Many anglers hang up their waders and fly rods when the weather starts to take a turn for the colder spells of Winter. I won’t lie, I’ve had times when that cold, frigid air of Winter makes me shudder as I’m wrapped up in a warm blanket in front of the fire. It’s cold. But that doesn’t mean the fish don’t still eat. All you need to know are a few simple Winter Fly Fishing Tips to get you out and catching more fish in those Winter months.

Winter Fly Fishing Tip No. 1 – Fish Slow and Deep

Weight your flies and get them down deep in the cold Winter months. Fish in Winter are sluggish. They won’t move much to catch food as it expends too much energy. Therefore, you need to match your fishing style to how the fish are acting, which is slow.

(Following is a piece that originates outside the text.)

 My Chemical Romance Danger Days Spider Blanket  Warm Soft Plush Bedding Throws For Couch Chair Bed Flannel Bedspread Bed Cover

Set up your indicator or use a sighter and fish with a high-stick method to reduce drag from your line and try to achieve a dead drift. This is critical in the cold Winter months because a trout won’t chase down food, or your fly, in cold water. It’s just not worth it to them.

Winter Fly Fishing Tip No. 2 – Learn Where the Fish Hold

Along with the last tip about fishing slow and deep, fish will tend to pod together in deeper, slower water. What that means is look for these deeper and slower, but still moving, areas in the river for trout. Once you connect with a fish in one of these areas, try not to cause a ruckus and disturb the area too much. There is a good chance that there are more fish waiting there. Continue fishing this area thoroughly. If you find yourself not hooking into any more fish, move on to the next area.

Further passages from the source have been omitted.